17La différence des modan gâru, attestée par leur mise occidentalisée, pouvait les rendre suffisantes, voire méprisantes à l’égard de leur culture d’origine, comme en atteste le texte accompagnant le dessin « Progrès dans l’apparence de la moga » (Moga no taimen kôjô, 1928) de Hosokibara Seiki (1885-1958) :

« Ma fille s’est coupé les cheveux. Elle en est venue à détester les vêtements japonais. Elle ne veut plus se promener en compagnie de ses amies en kimono lorsqu’elle sort 9 ».

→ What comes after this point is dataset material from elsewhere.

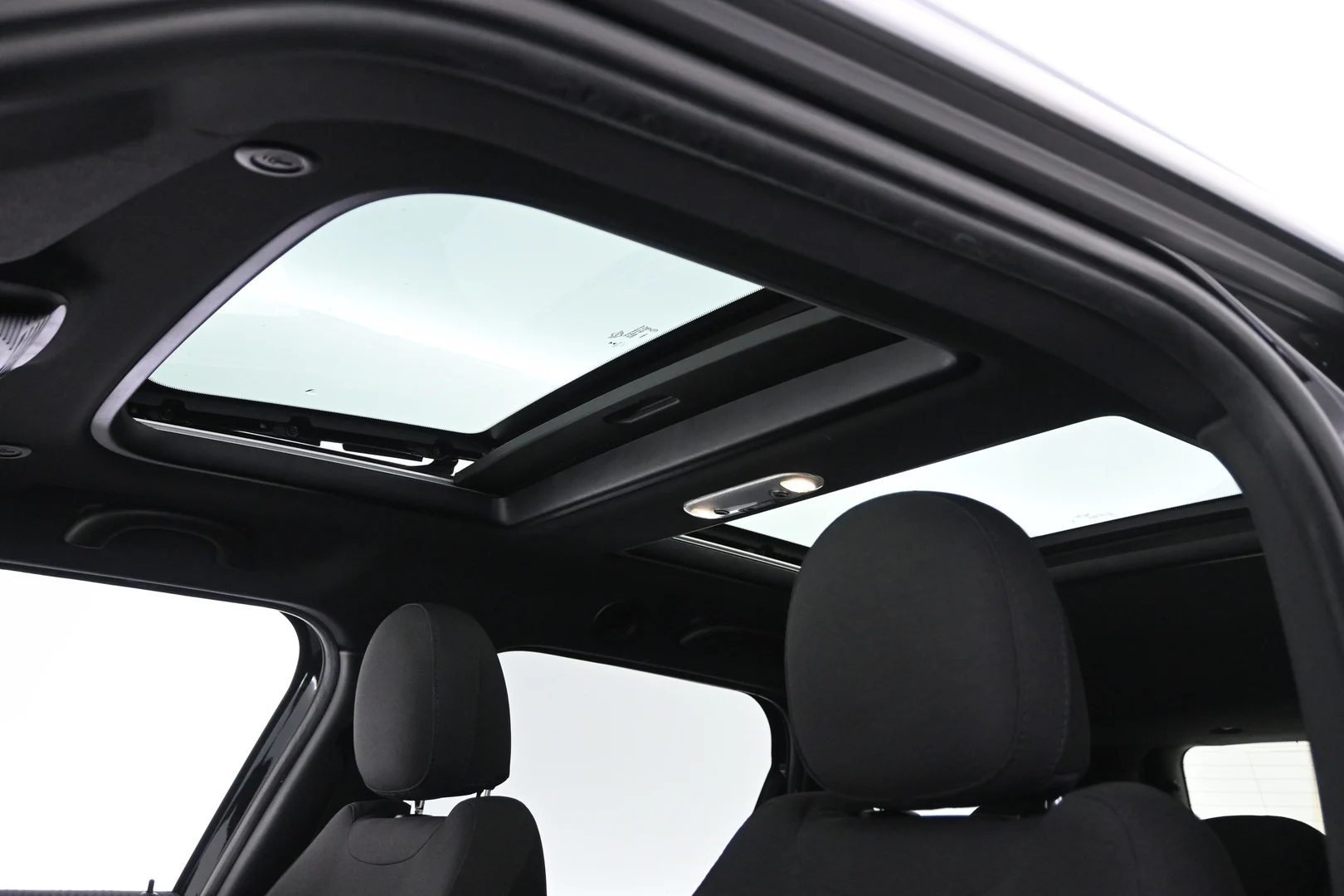 Car Image - 1HOHnzYMIGm3Zl1sHbax3Q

18Ces modan gâru faisaient des émules parmi les fraîches jeunes filles issues des campagnes qui trouvaient, notamment dans les revues féminines proposant des photos de mode ou de modan gâru prises dans les rues tôkyôïtes, une sorte de « fenêtre sur la modernité ». « Le rêve d’une jeune villageoise » (Mura musume no yume, 1930)10 d’Asada Hisao (?-?), l’illustre avec beaucoup d’humour. Deux jeunes femmes se font face. L’une, à droite, est une véritable modan gâru, tandis que l’autre est une campagnarde rêvant de lui ressembler. Cette dernière, faute de moyens financiers suffisants, utilise une passoire servant généralement à diluer la pâte de miso (soja fermenté) dans l’eau chaude en guise de chapeau, un essuie-main comme foulard, un sous-vêtement japonais comme chemisier, un pagne comme jupe, un énorme champignon comme ombrelle et un bout de ficelle passé dans le trou d’une pièce de monnaie en cuivre pour figurer une montre. Enfin, deux radis blancs servent à donner l’illusion qu’elle a des jambes fines et sveltes.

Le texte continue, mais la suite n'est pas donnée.